The world’s first grid-scale demonstration of a liquid air energy storage (LAES) plant was officially launched in June.
UK-based long-duration energy storage firm Highview Power developed the 5-MW/15-MWh project in partnership with recycling and renewable energy company Viridor with more than£8 million in funding from the UK government. The plant located at the Pilsworth landfill gas site in Bury, near Manchester, in the UK (Figure 4), works by using surplus power (during off-peak hours) to refrigerate air into a liquid at –196C (–320F).
The liquid air is then stored “very efficiently” in insulated tanks at low pressure. When power is required, liquid air is drawn from the tanks. Exposure to ambient temperatures causes rapid re-gasification and a 700-fold expansion in volume, which is then used to drive a turbine and create electricity without combustion. “Heat harnessed from the liquefaction process is applied to the liquid air via heat exchangers and an intermediate heat transfer fluid. This produces a high-pressure gas in the form of air that is then used to drive the turbine and create electricity,” Highview Power explained.
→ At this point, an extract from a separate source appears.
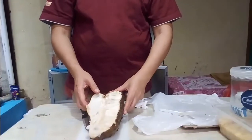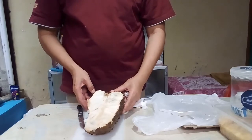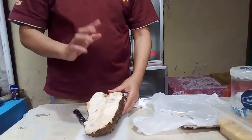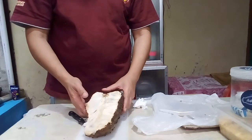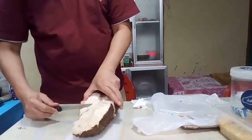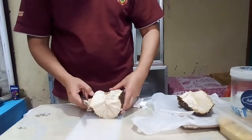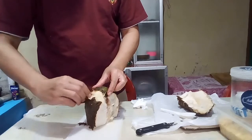Sekarang Ayah siap akan mencoba resep itu — cara membuang biji sirsak. Ayah siap ini sudah tersedia buah sirsak. Ini sisa sebenarnya, kemarin sudah kita buat. Ayah siap belum mencoba resep ini sebelumnya. Sekarang akan mencoba bagaimana cara membuang biji buah sirsak dengan mudah. Kita potong dulu seperti ini, kita ke pinggirkan yang ini.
The company says the technology draws from established processes from the turbo-machinery, power generation and industrial gas sectors. Components used in the processes “can be readily sourced from large OEMs [original equipment manufacturers] and have proven operating lifetimes and performances,” it said. The technology doesn’t depend on “exotic materials” like battery storage and is comprised mostly of steel, giving it a lifespan of between 30 and 40 years, in comparison with 10 years for batteries. At the end of its life, an LAES plant can be decommissioned, and the steel can be recycled. And because the system uses a thermodynamic cycle, it can interface with co-located thermal processes such as liquefied natural gas regasification plants, peaking plants, and industrial applications. “This means we can utilize waste heat and cold streams, improving the efficiency of our customers’ main processes by converting their waste thermal energy into a useful resource for our system,” it said.
According to Gareth Brett, Highview Power’s vice chairman (and CEO of the company for 10 years before Dr. Javier Cavada Camino took on that role on June 28), completion of the grid-scale plant is a major milestone in demonstration of “the only large scale, true long-duration, locatable energy storage technology available today, at acceptable cost.” The project was preceded by a 350-kW/2.5-MWh pilot installation at SSE’s biomass plant at Slough Heat and Power in Greater London. The pilot underwent full testing between 2011 and 2014, before it was relocated to the University of Birmingham Center for Cryogenic Energy Storage to support further testing and academic research.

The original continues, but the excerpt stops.